DOVER, Del. (AP) - The state House voted along party lines Tuesday to approve a bill decriminalizing possession of small amounts of marijuana.

The legislation, which cleared the House on a 24-14 vote, with no Republican support, now goes to the Senate. Democratic Gov. Jack Markell has indicated that he supports the measure.

The bill makes possession by adults of “personal use” quantity of marijuana, defined as an ounce or less, a civil offense punishable by a fine of $100, rather than a crime.

But smoking marijuana in a moving vehicle, or in an area accessible to the public, would be a misdemeanor punishable by a fine of up to $200 and imprisonment of up to five days.

The legislation defines areas accessible to the public to include outdoor locations on private property that are within 10 feet of a street or sidewalk, and outdoor areas within 10 feet of the doors or windows of any public or private building.

The bill also keeps simple possession or use of an ounce or less a criminal offense for anyone under 18. For those between the ages of 18 and 21, a first offense would result in a civil penalty, while any subsequent offense would be a misdemeanor.

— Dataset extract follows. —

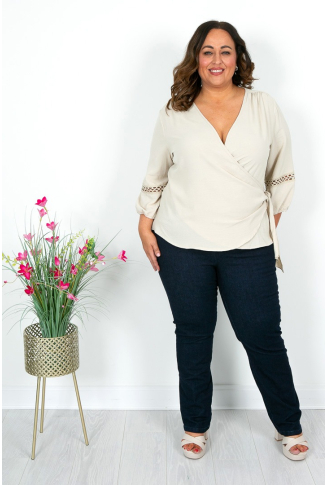 Stone Wrap Top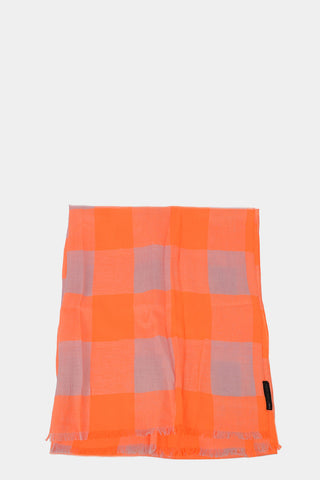 MARC Foulard a Quadri in Lino e Poliestere 230x87cm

Supporters of the bill say it is an attempt to prevent otherwise law-abiding pot smokers from ending up with criminal records that could jeopardize their futures.

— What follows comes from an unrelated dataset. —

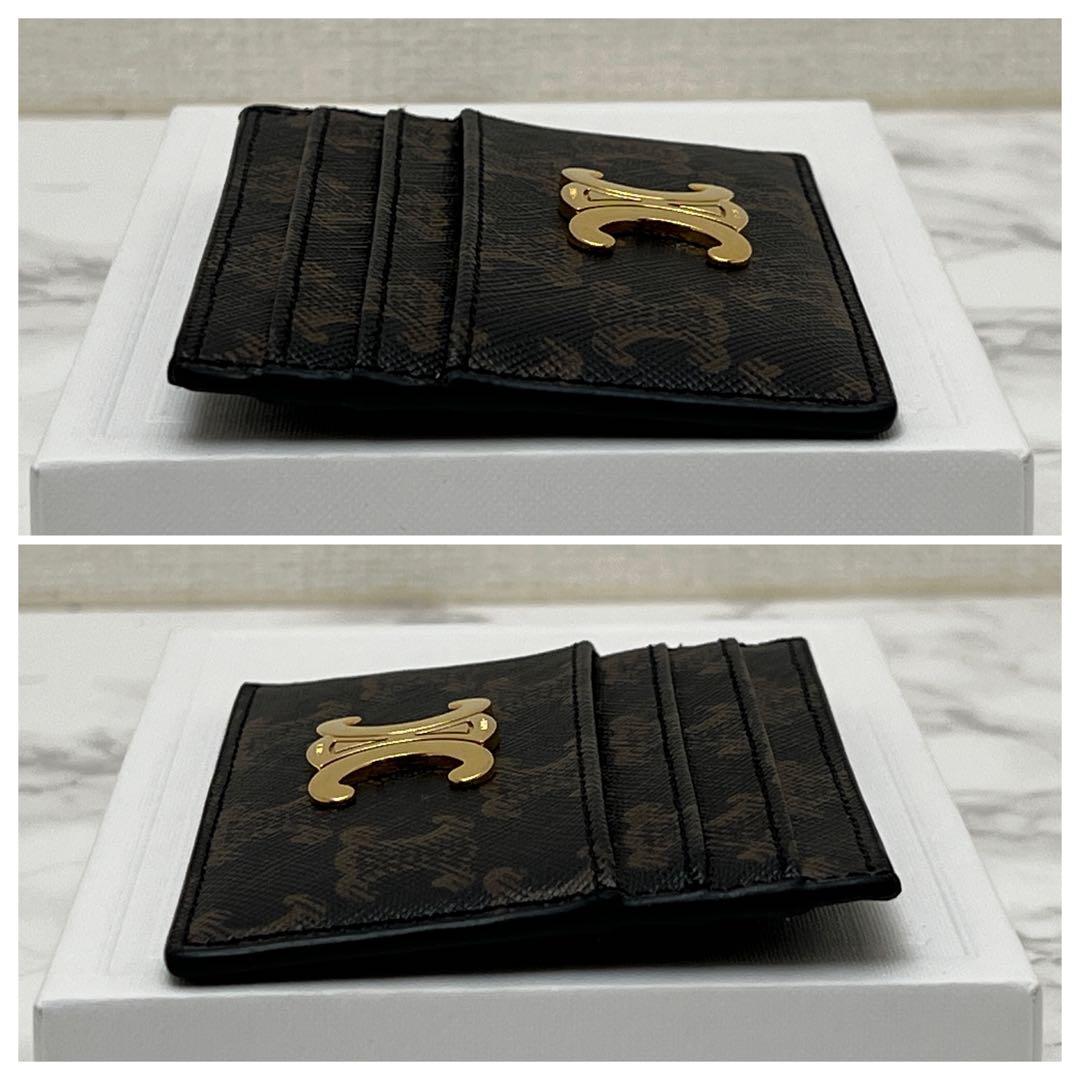 セリーヌ カードホルダー トリオンフ カードケース ブラウン CELINE WWW_MORNINGWALKER_COM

“The goal of the bill is not, and I repeat, not, legalization…. All we are doing is decriminalizing the possession of small amounts,” said chief sponsor Rep. Helene Keeley, a Wilmington Democrat.

Keeley said she did her best to address the concerns of law enforcement groups by inserting several new provisions into the legislation.

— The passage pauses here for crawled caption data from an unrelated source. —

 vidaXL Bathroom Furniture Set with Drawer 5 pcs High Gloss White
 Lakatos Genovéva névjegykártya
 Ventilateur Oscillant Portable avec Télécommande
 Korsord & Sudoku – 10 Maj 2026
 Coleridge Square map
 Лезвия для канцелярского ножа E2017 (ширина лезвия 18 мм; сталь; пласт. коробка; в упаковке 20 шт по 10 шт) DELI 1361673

Opponents nevertheless remain concerned that the legislation sends the wrong message to children, and that it will lead to greater acceptance and use of illegal drugs while hampering the abilities of police to conduct searches and seizures.

“Some penalties in the law are meant to be punitive, … but when you’re talking about young people with marijuana, were trying to help them,” said Rep. Rich Collins, R-Millsboro.

“Are we doing young people a favor by taking away this disincentive for behavior that is destructive to themselves and to their families?” Collins added.

Other lawmakers noted that a person between 18 and 21 who is caught with a small amount of marijuana could be let off the first time with a civil penalty, while that same person, if caught drinking a beer, could be charged with a crime.

“It clearly sounds like the bar is much different for the alcohol,” said Rep. Mike Ramone, a Newark Republican, who declined to cast a vote.